At a moment where I thought you were talking about other male problems. I'm like, I don't know if I want to hear about those problems. Maybe we're starting to overshare.

All right, I am driving the bus, he says.

Do it, do it, do it. Do it, do it, drive the bus, drive the bus, drive the bus. Hi, welcome to On The Reg. I'm Dr. Jason Downs, and I'm here with my good friend, Professor Inga Mewburn from the Australian National University. But she is better known as The Thesis Whisperer. Not at the Thesis Whisperer, at Thesis Whisperer, get it right.

It's only been five years. Well done, Jason over on the internet. We're here for another episode of On The Reg, where we talk about work, but you know, not in a boring way. We are all about practical, implementable productivity hacks to help you live a more balanced life. Welcome Inga, how have you been? It's cold. I woke up this morning and Canberra had turned out minus 2.5 and it said, feels like minus 6.4. Oh, dang. Man, and like the water in the bird bath is frozen most mornings this week. Yeah. And you're coming up to visit us. Yeah. So bring the thermals, Jason. It's proper cold. Are birds stuck in it?

Like I've got this mental image of like this poor little bird, it's got little feet stuck in the ice. Like trying to get out. No, they've not been visiting. They do visit it a lot. I thought having a bird bath would be stupid, but it's so entertaining. Oh, okay. Yeah, there's, the magpies are just so bossy and they get in there and like, like flick it all around with their wings and stuff and just make it all shit for the other birds and the other birds sit on the tree and you can see their faces like, Jesus, really?

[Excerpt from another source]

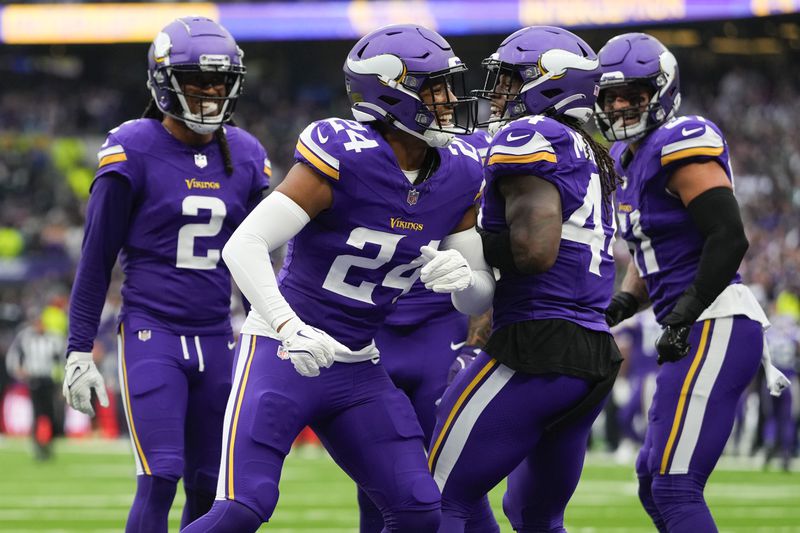 Minnesota Vikings' Camryn Bynum (24), second from left, celebrates an interception with teammates during the first half of an NFL football game against the New York Jets, Sunday, Oct. 6, 2024, at the Tottenham Hotspur stadium in London. (AP Photo/Kirsty Wigglesworth)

Come on. And they sort of line up like they're at a service station. Is there a hierarchy? It's amazing. It's pretty entertaining on the, uh, the Mewburn family bird bar, but at the moment it's closed. So cold, uh, very cold, Jason, I did order a Volvo cause apparently now I have Volvo money. I'm pretty excited. I'm getting an EX30 and it's going to be bright yellow and it comes in September and I can't wait and yes, it's electric because why would you go back? So zero. Okay. Currently my Tesla does zero to 100 in 5.4 seconds.

Yeah. Which I've been known to do many times. I love to plant the foot in that thing, but the EX30 does zero to a hundred in 3.6 seconds. Dang. It is vomitingly fast. Like snap your head back in the headrest fast. I love it's death already. So cannot wait till it comes end of September. That kind of, that kind of speed plus electricity reminds me of Back to the Future vibes, right?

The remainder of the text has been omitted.